» GIVEN INFORMATION:
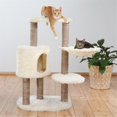 thumbnail image 1 of TRIXIE Pet Products 44621 Moriles Cat Tree, Cream, 1 of 1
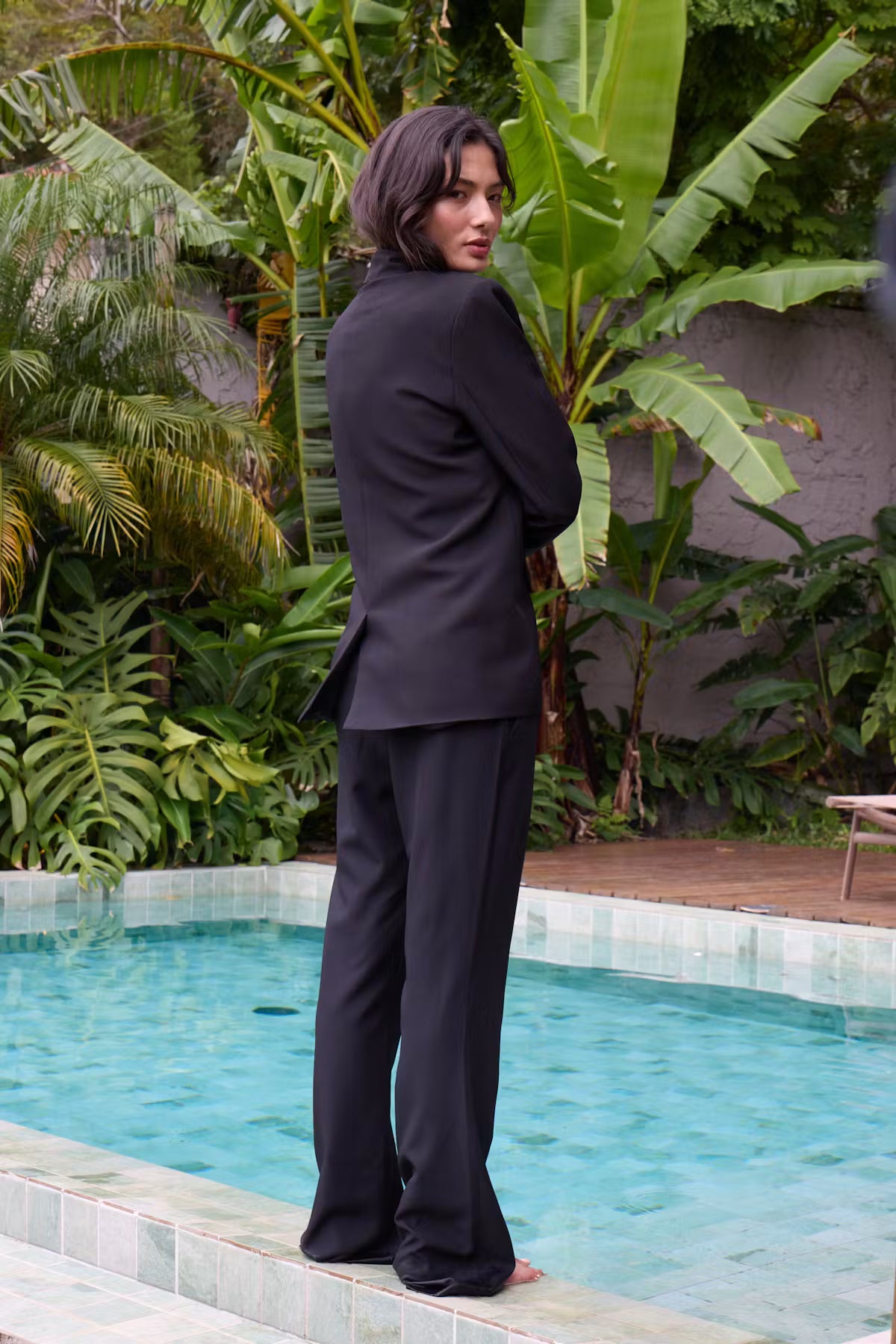 Blazer long Fava Black
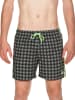 Arena Zwemshort "Small Checks" zwart/grijs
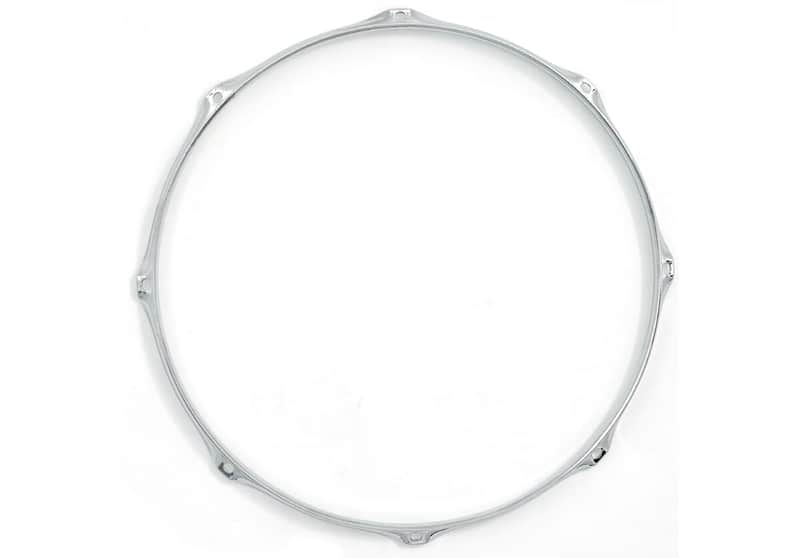 Dixon PKS112-8-HP 12" Regular Hoop Chrome 8 Ears, 1,6mm Snare Side image 1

» TO DO: Set down the material exactly as given, but print none of the pictures.

» TASK ANSWER:
 thumbnail image 1 of TRIXIE Pet Products 44621 Moriles Cat Tree, Cream, 1 of 1
 Blazer long Fava Black
 Arena Zwemshort "Small Checks" zwart/grijs
 Dixon PKS112-8-HP 12" Regular Hoop Chrome 8 Ears, 1,6mm Snare Side image 1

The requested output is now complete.